Humor and funniness are often thought about in terms of their implied contrast with seriousness. The contrast often has to be implied since it is assumed that seriousness is familiar and well understood, as the unmarked or ordinary condition of things from which comedy, irony, frivolity, and so forth constitute a reprieve. One of the things that will become clear through the course of this book is that my first ambition of taking laughter seriously will be obliquely brought home in the gradual sedimenting of the axiom that nothing can be really serious that does not admit of an intestine murmur of absurdity. Yet one of the intriguing things about seriousness is that it is a conjunction of several contraries. It is the opposite of gaiety and merriment. It is the opposite of pretense and make-believe. It is the opposite of unimportance. And it is the opposite of harmlessness and safety, as in a serious illness or serious crisis. All these ways of not being things are ways of being serious, but the seriousness may be of a different kind in each case.
Circumstances are certainly imaginable in which gaiety, make-believe, and unimportance are conjoined—a Punch and Judy show at a children’s party, for instance—but they need not be and usually perhaps are not. Pretense is often amusing, but not invariably so. Saying what you seriously mean does not necessarily mean saying it seriously or gravely (“What a glorious morning!” “You are a sight for sore eyes!”). But if there is no one kind of thing that seriousness is, it seems to be an important part of its understanding that it should mark the modification, suspension, or reversal of ordinary or unmarked states of affairs. Laughter breaks out in ordinary conditions; seriousness breaks in on them. We think of levity and gaiety as holidays from or suspensions of the serious business of work. But it is important to grasp the fact that seriousness is also the episode or intermission from the many forms of nonseriousness—including pretense, imposture, performance—forming the ground bass of much of our shared experience. We might think merely of how often we feel impelled to say “seriously, though” or “joking apart,” setting aside the facetiousness or semidistraction that constitutes the usual condition of things.
We are exhorted to seriousness more often than to lightness or diversion (even “lighten up” is a serious injunction), since it is assumed that we know how to divert ourselves without the necessity for any form of self-discipline, whereas we need schooling to become serious. Perhaps how to be serious is one of the most important lessons imparted by formal education. This is because seriousness seems to require arduous effort, the effort required to pull oneself together after a fit of the giggles, or to refocus one’s attention or intentions, or to avert some threat. In fact, children both are and are not capable of seriousness. The play of a child is often not playful at all, but absorbed in the way in which work is supposed to be for an adult. But we should call such play serious only by resemblance, precisely because seriousness is schooled, as the putting away of childish things. In order to be serious, you need to be able to be something else, which you are also able to put on hold. You cannot, that is, be spontaneously serious, which means that your seriousness must always be in quotation marks, and anxious to live up to its reputation.

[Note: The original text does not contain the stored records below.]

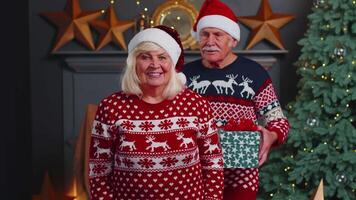 Grandfather covering eyes of old grandmother with surprise Christmas gift present box at home room video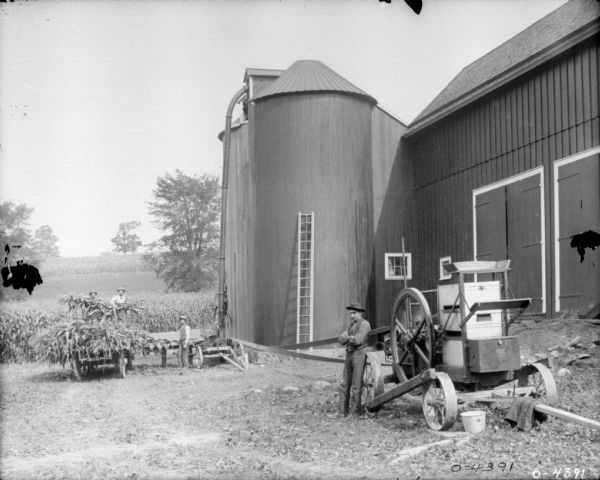A man on the right is standing and leaning against a large cart which contains a vertical stationary engine. Three men on the left are working in the background with an ensilage cutter, harvesting what appears to be corn from a wooden cart, near a large barn and silo. The men are all wearing work clothes and hats. This photograph was probably taken in Auburn, New York.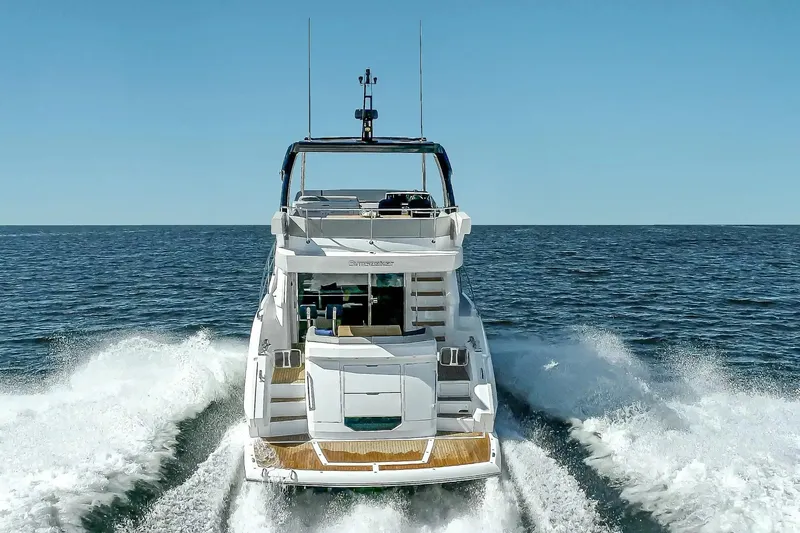  Yacht Photos Pics 2021 Sunseeker Manhattan 55 yacht cruising on open sea, rear view.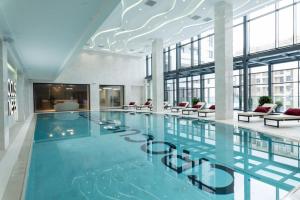 a large swimming pool in a building with windows at Megafun Apartment 3 Bedroom in Baku
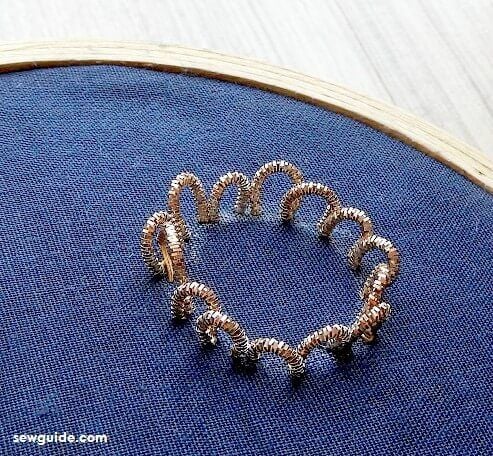 make several loops with the metallic thread for the zardosi work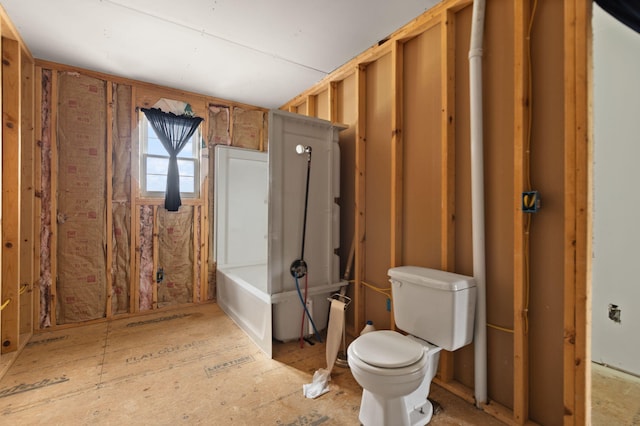 bathroom featuring a tub to relax in and toilet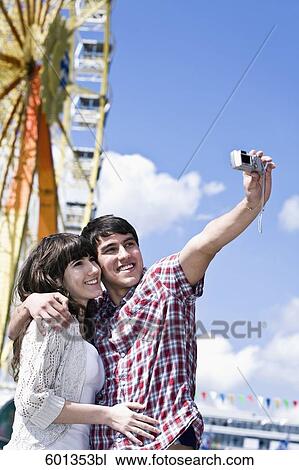 Stock Image - portrait teenage couple taking photo of themselves at fun fair. Fotosearch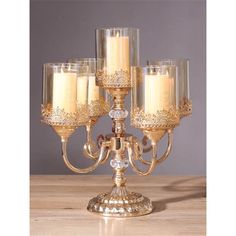 a gold candelabra with five candles on it and some clear glasses in the middle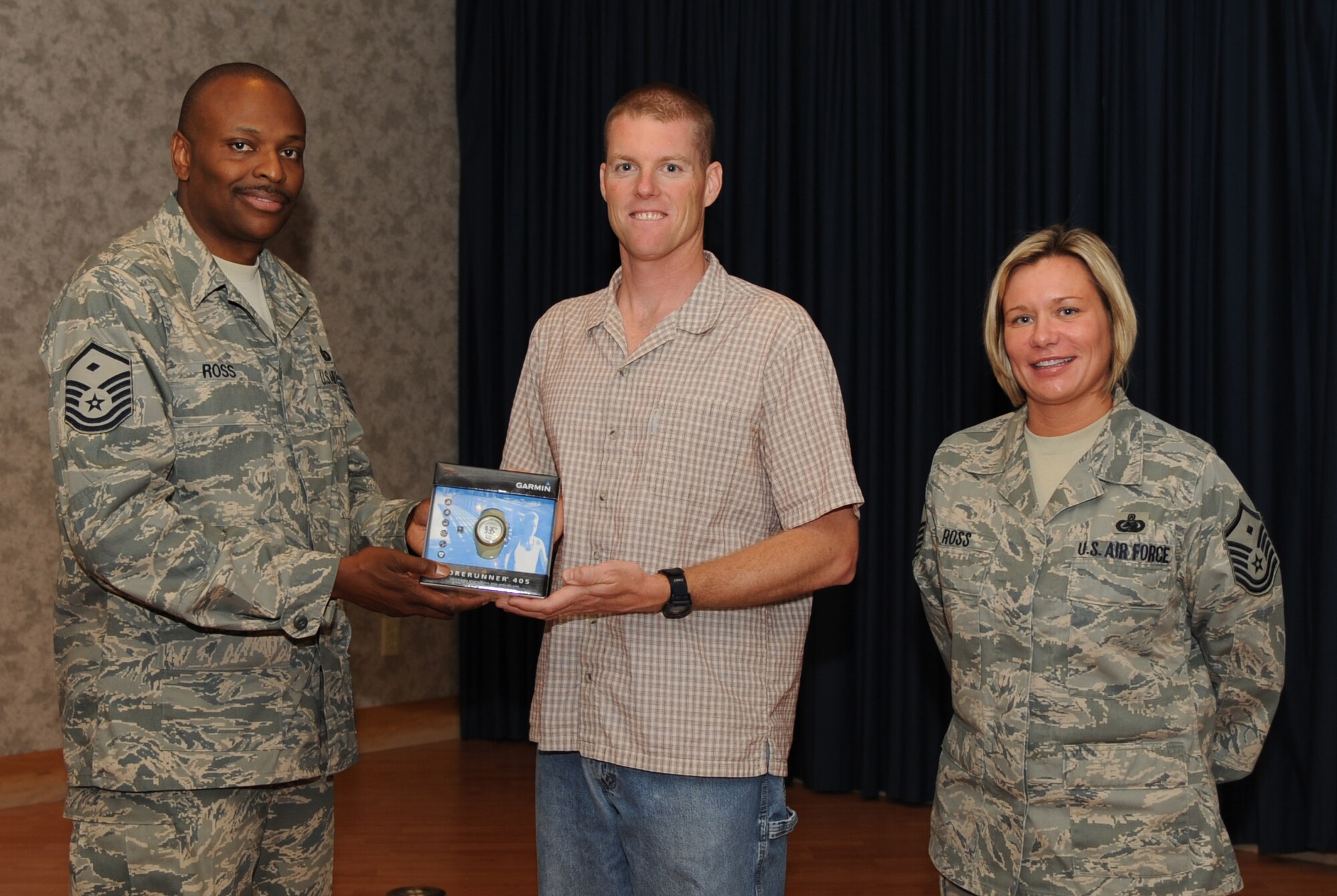 MOUNTAIN HOME AIR FORCE BASE, Idaho – Master Sgts. Darryl Ross (left), Top III Run-A-Thon coordinator and 366th Equipment Maintenance Squadron first sergeant, and Kathleen Ross, Top III president and 389th Fighter Squadron first sergeant, present Staff Sgt. Christopher Markus, 366th Logistics Readiness Squadron, with a watch for raising the most money during the run - $540. The June 26 run-a-thon was the largest Top III event in 366th Fighter Wing history with 185 Gunfighters completing 3,315 laps or 828 miles around the base track. (U.S. Air Force photo\Airman 1st Class Renishia Richards)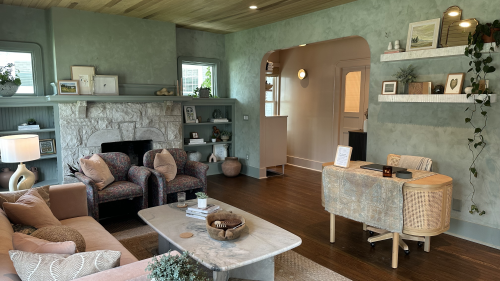 The check-in area, which features an arched doorway, desk setup, marble coffee table, pink couch, two vintage patterned chairs, and a stone fireplace.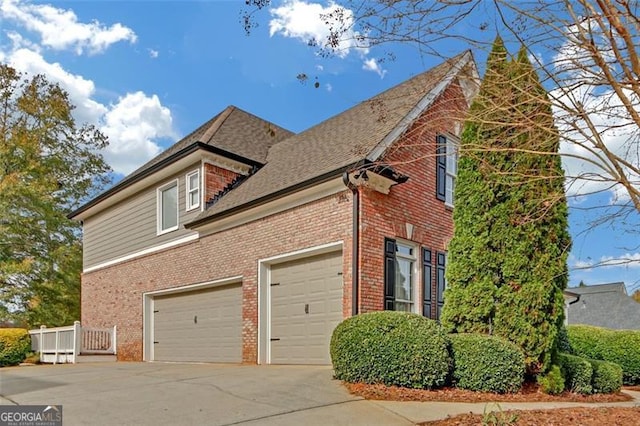 view of side of property featuring a garage, concrete driveway, and brick siding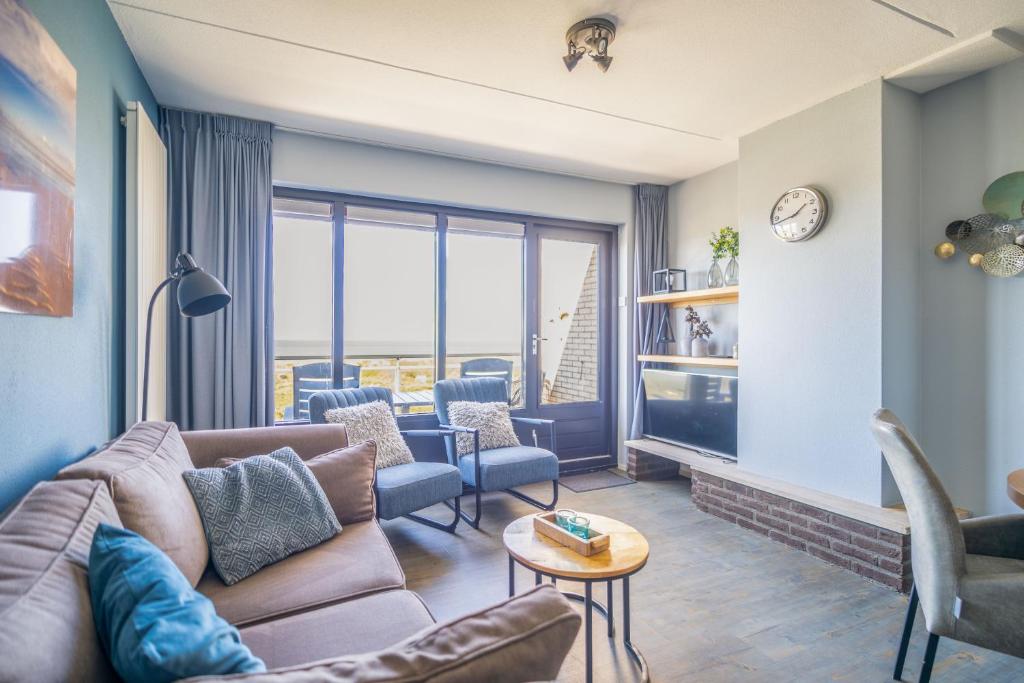 a living room with a couch and chairs and a tv at Appartementencomplex Juliana 156 in De Koog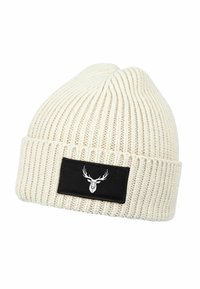 Cream knit beanie with a ribbed texture. Features a black rectangular patch with a white deer graphic. Soft, warm material.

There are two broad semantic fields in which the word serious tends to be deployed. The first is the field of what Foucault (2010, 32) calls “veridiction,” the means employed in the telling of truth. To be serious means to mean what we say. Serious utterance is utterance that means to be taken as veridical—that is, truth telling—and therefore, as we say, to be “taken seriously.” To be serious about something means to mean it, in the sense not just of intending it (“What do you mean by that?”) but also of being intent on it. This kind of seriousness therefore applies primarily to speaking persons, or to persons whose actions seem to embody intentions in an unmistakable manner (“She really meant that kick”).
This seems to be a derivation from Latin serere, the primary meaning of which is to sow, or plant seeds in a row. In their etymological account of the word, Alfred Ernout and Alfred Meillet (2001) speculate that the conjunction of sowing and planting in serere “is evidence of a period in which sowing was not done broadcast but by pressing seeds one by one into the ground” (618). Indeed, serious was used in English up to the end of the fifteenth century to mean serial, or singly in sequence. Serere acquired the signification of binding, continuity, or joining together, in words like assert, desert, exert, insert, and dissertation. The horticultural Varro speculated attractively in his On the Latin Language on the links between speech and the sowing of seed:
Our word disserit is used in a figurative meaning as well as in relation to the fields: for as the kitchen-gardener disserit “distributes” the things of each kind upon his garden plots, so he who does the like in speaking is disertus “skilful.” Sermo “conversation,” I think, is from series “succession” . . . for sermo “conversation” cannot be where one man is alone, but where his speech is joined with another’s. (Varro 1951, 1.231–33)
The second semantic field of the serious concerns feeling rather than meaning, and signifies the disposition or demeanor associated with veridiction or serious intent. Seriousness, as a manner or deportment, is a means by which we may mean to be taken to mean what we say. To be serious means to be grave, solemn, or earnest, with a strong implication of sadness or melancholy, this association probably given extra force in English because of the conjuncture of Latin gravis (heavy, burdened), from which gravity and grief derive, and Old English grafan, from pre-Germanic *ghrābh-, to dig, which lies behind the words grave and groove. It seems that there is no direct connection with Greek γράϕειν, to write, engraving deriving more directly from the Germanic idea of digging. Mercutio’s valedictory joke, feeble, but forgivable in the circumstances, “Ask for me tomorrow and you shall find me a grave man” (Shakespeare 2011, 1024), is in a long tradition of jokes on what it means to be grave. By transference, serious illnesses or circumstances are ones that usually provoke concern or anxiety. This kind of seriousness suggests severity, with which serius has been associated—for example, in words such as persevere and asseverate, to assert seriously. All these associations seem to assume or assert that being serious is a more or less painful or exacting business. They amount to the tendentious theory that truth, as opposed to life, is essentially difficult, dangerous, and demanding: hard. But why is a precious thing like mercy not regarded as serious, along with all the many other holiday virtues that fall mercifully short of inviolability, or not until they are strained into the unforgiving severity of a principle? What is light-minded about entertaining mercy mercifully in thought?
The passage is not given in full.